Küresel finansal kriz sonrası can çekişen ekonomilerde büyümeyi teşvik etmek ve deflasyonla mücadele etmek amacıyla uygulanan negatif faiz politikası çeşitli kesimlerden eleştirilere de maruz kaldı.
Negatif faiz oranları, bankaların ve diğer finansal kuruluşların karlılığını baskılaması, tasarruf ve emeklilik hesaplarında daha düşük veya hatta negatif getirilere yol açması ve para biriminin değer kaybına neden olması konularında eleştirildi.
Yatırımcıların gelir elde etmeleri için riskli varlıklara yönelten negatif faiz oranlarının aynı zamanda varlık balonlarına ve finansal istikrarsızlığa katkıda bulunabileceği, uzun vadede krizlere yol açabileceği öne sürüldü.
Deflasyonist baskıların sinyali olarak değerlendirilen negatif faiz oranlarına zaman zaman da tüketici ve iş dünyasının güvenini zedeleyebileceği, tüketicileri harcamaları ve işletmeleri yatırımları konusunda daha temkinli davranmaya itebileceği gerekçesiyle karşı çıkıldı.
ECB'nin negatif faiz oranlarının kredi büyümesine katkıda bulunsa da Avro Bölgesi enflasyonunu yüzde 2 hedefine çıkarma konusunda yetersiz kaldığı değerlendirildi.
Nihayetinde, Kovid-19 salgını ve Rusya-Ukrayna Savaşı'nın yol açtığı küresel tedarik zinciri aksamaları ile mali şoklar, düşük enflasyon dönemini sonlandırarak bankaların negatif faiz oranlarını terk edebilmesine olanak tanıdı.
BoJ'un kararı öncesinde, Japonya'daki yüksek faiz oranlarının ülkedeki sigorta şirketleri ve emeklilik fonları gibi büyük yatırımcıların yurt dışına yatırdıkları ve geçen yıl sonu itibarıyla 4 trilyon doların üzerinde bulunan sermayelerini çekmelerine yol açabileceği ve bunun da piyasa istikrarı açısından olumsuz sonuçlar doğurabileceği endişesi ortaya çıkmıştı.
Analistler, BoJ'un kararını bir dönüm noktası olarak görürken, bu adımın çok küçük olması ve başka hızlı faiz artışlarının olası görülmemesi nedeniyle, başlangıçta küresel sermaye piyasaları üzerinde çok az etki yapacağını belirtti.
Şu an için sermaye akışlarında büyük bir değişim beklemeyen analistler, büyük bir kısmı yurt dışında bağlanmış durumda olan Japon sermayesinin geri dönmesi için ülkede faizlerin çok daha fazla artması gerekeceğini kaydetti.
Japonya'da ücretlerde gözle görülür bir büyüme, faiz oranlarının yükselmesinin koşuluydu.
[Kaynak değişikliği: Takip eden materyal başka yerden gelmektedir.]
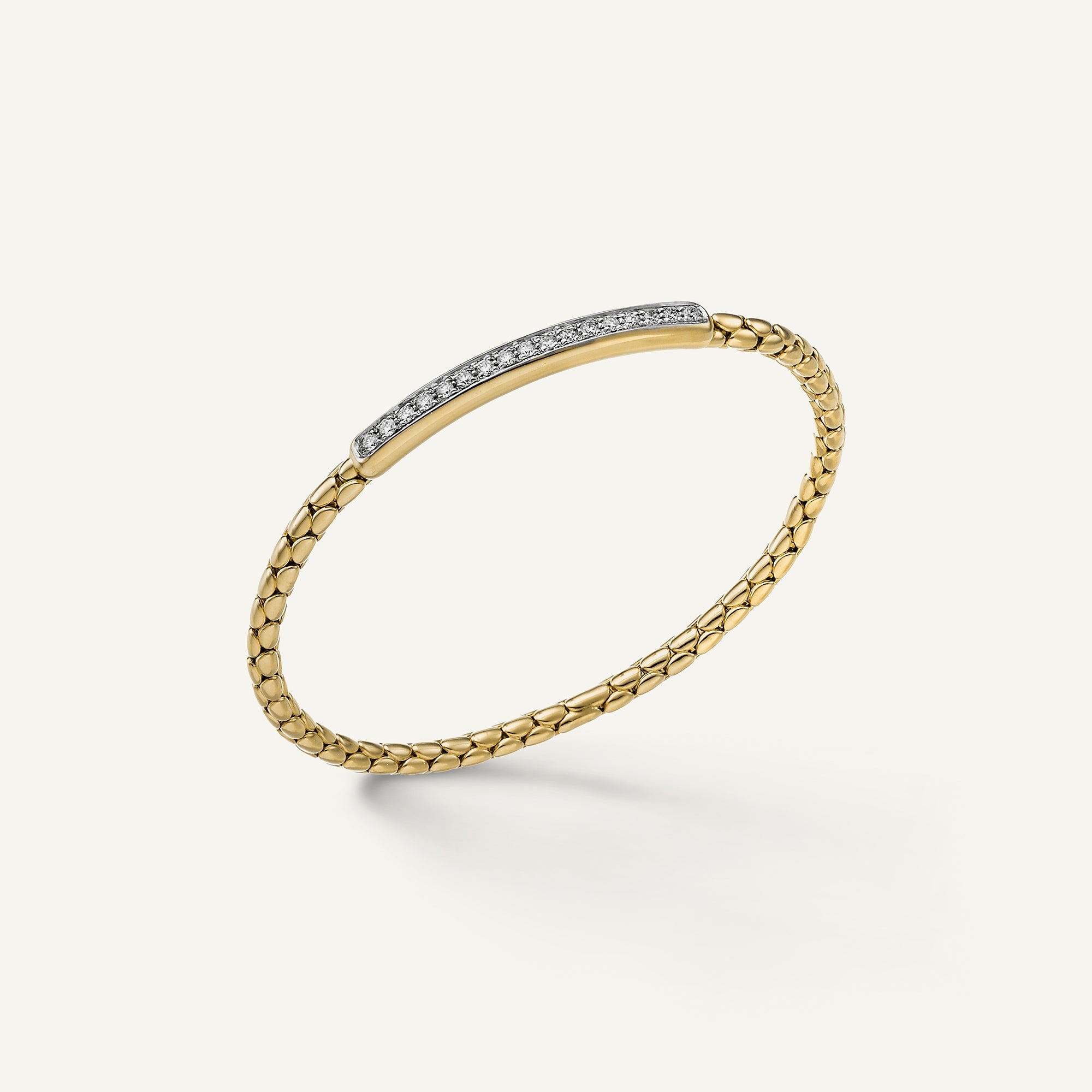 Gold flexible bracelet with diamonds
Ancak, son 33 yılın en yüksek seviyesine ulaşan ücret artışlarının ardından bazı analistler, enflasyonist baskının artması tehlikesine dikkati çekerek, artan ücret ve fiyatların potansiyel olarak tehlikeli bir enflasyonist spirale yol açma olasılığını anımsattı.
BoJ, aslında canlandırmak istediği iç talebi baltalama riskiyle de karşı karşıya. Japonya'da ev sahiplerinin yüzde 80'i mülklerini piyasa faiz oranlarına dayanan kredilerle finanse ediyor. Bu nedenle faiz oranlarındaki keskin bir yükselişin hane halklarının geri ödemelerini hızla artırması ve dolayısıyla tüketimi azaltması muhtemel görülüyor.
Birçok uzman ve yatırımcıya göre BoJ temmuz ayına kadar yeni faiz adımları atmayacak. Analistler, ücret görüşmelerinden iyi bir sonuç çıkmasının iyi bir haber olsa bile tüketimde keskin bir artışın beklenmemesi gerektiğini belirterek, BoJ'un bir dizi hızlı faiz artırımı yapmasının olası olmadığını ifade ediyor.
Yüksek ulusal borç ve Japonların yatırım davranışlarının, BoJ'un faiz oranlarını diğer gelişmiş ülkelerdeki seviyeye çıkarmasını çok zorlaştırması bekleniyor.
Japonya'nın kamu borcu tek başına gayrisafi yurt içi hasılasının (GSYH) yüzde 250'sine denk gelirken, hane halkları ve şirketler dahil toplam borç GSYH'nin yüzde 426'sını oluşturuyor. Çin'de bu oran yüzde 295, ABD'de ise yüzde 264'te.
Hesaplamalara göre, 50 baz puanlık bir faiz artışı Japon özel sektörüne 11 trilyon yen ya da GSYH'nin neredeyse yüzde ikisi oranında ek faiz maliyetine mal olabilecek.
BoJ, 1999'dan beri temel faiz oranını iki kez (2000-2007) yükseltmeyi denedi ancak daha sonra tekrar yüzde sıfıra indirdi.
2008 küresel finansal krizden sonra BoJ, büyük miktarda tahvil alımı yaparak enflasyon oluşturmaya çalıştı ama uzun süre başarılı olamadı.